FluxML / Optimisers.jl

Optimisers.jl defines many standard optimisers and utilities for learning loops.
https://fluxml.ai/Optimisers.jl
MIT License
72 stars 20 forks source link

Restructure is not type stable but could be made stable? #177

Closed Red-Portal closed 2 months ago

Red-Portal commented 2 months ago

Hi, it seems like calling restructure is not stable by default. This is currently causing issues with Enzyme.jl (see this issue). Here is a MWE to illustrate the point:

using Cthulhu, LinearAlgebra, Optimisers, Functors

struct Model{A,B}
    a::A
    b::B
end

Functors.@functor Model

m = Model(randn(10), LowerTriangular(Matrix(I, 10, 10)))

params, re = Optimisers.destructure(m)

@code_warntype re(params)

This returns:

MethodInstance for (::Optimisers.Restructure{Model{Vector{Float64}, LowerTriangular{Bool, Matrix{Bool}}}, @NamedTuple{a::Int64, b::Tuple{}}})(::Vector{Float64})
  from (re::Optimisers.Restructure)(flat::AbstractVector) @ Optimisers ~/.julia/packages/Optimisers/yDIWk/src/destructure.jl:59
Arguments
  re::Optimisers.Restructure{Model{Vector{Float64}, LowerTriangular{Bool, Matrix{Bool}}}, @NamedTuple{a::Int64, b::Tuple{}}}
  flat::Vector{Float64}
Body::Model
1 ─ %1 = Base.getproperty(re, :model)::Model{Vector{Float64}, LowerTriangular{Bool, Matrix{Bool}}}
│   %2 = Base.getproperty(re, :offsets)::@NamedTuple{a::Int64, b::Tuple{}}
│   %3 = Base.getproperty(re, :length)::Int64
│   %4 = Optimisers._rebuild(%1, %2, flat, %3)::Model
└──      return %4

where the return type Model is not stable in terms of its type parameters.

This can be solved in a brute-force manner by defining re::Restructure (defined here) as:

   (re::Restructure)(flat::AbstractVector)::typeof(re.model) = _rebuild(re.model, re.offsets, flat, re.length)

where we are informing the compiler that the return type will be the same as re.model.

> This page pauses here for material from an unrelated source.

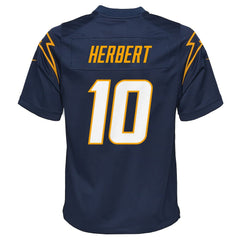 Nike Justin Herbert Los Angeles Chargers Youth Game Jersey Navy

I think this is safe to assume, and this immediately resolves the instability. Any thoughts on this?

ToucheSir commented 2 months ago

Can you elaborate on why you want re(params) to be type stable? If it's to ensure that subsequent code is type stable, then re(params)::typeof(m) in user code might work better. If it's to ensure that Restructure is internally type stable, a type assertion won't be enough.

Red-Portal commented 2 months ago

Hi @ToucheSir ! The first reason is because Enzyme fails due to the instability. And the second reason is that I find it unusual to be type instable. Restructure is fully aware of the type we expect, so I am actually surprised that the current implementation is not type stable out of the box.

ToucheSir commented 2 months ago

Restructure is fully aware of the type we expect

Not quite. You are allowed to pass an array of a different eltype to Restructure, which might give you a different model return type.

I am actually surprised that the current implementation is not type stable out of the box.

...but even if you weren't, the type instability would remain. The reason is because Functors uses an untyped IdDict internally to keep track of shared/aliased parameters: https://github.com/FluxML/Functors.jl/blob/2eddcb74f9589e61b847362c2a91d91bd90ef628/src/walks.jl#L170-L201

The fix here would be to tell fmap not to cache by passing cache = nothing. This isn't done by default because we can't assume people are using models with zero parameter sharing/tying, but perhaps the models you're working with can. Disabling the cache would be necessary but may not be sufficient to remove type instabilities, as the Julia compiler really hates nested recursive calls like Functors.jl uses.

P.S. since you're working with Enzyme and not Zygote, you may be interested in adapting the mutating (de|Re)structure implementation in https://github.com/FluxML/Optimisers.jl/pull/165 for your use case.

Red-Portal commented 2 months ago

Thanks for the tips. Let me try to explicitly set the return type of the reconstruct expression as you suggested.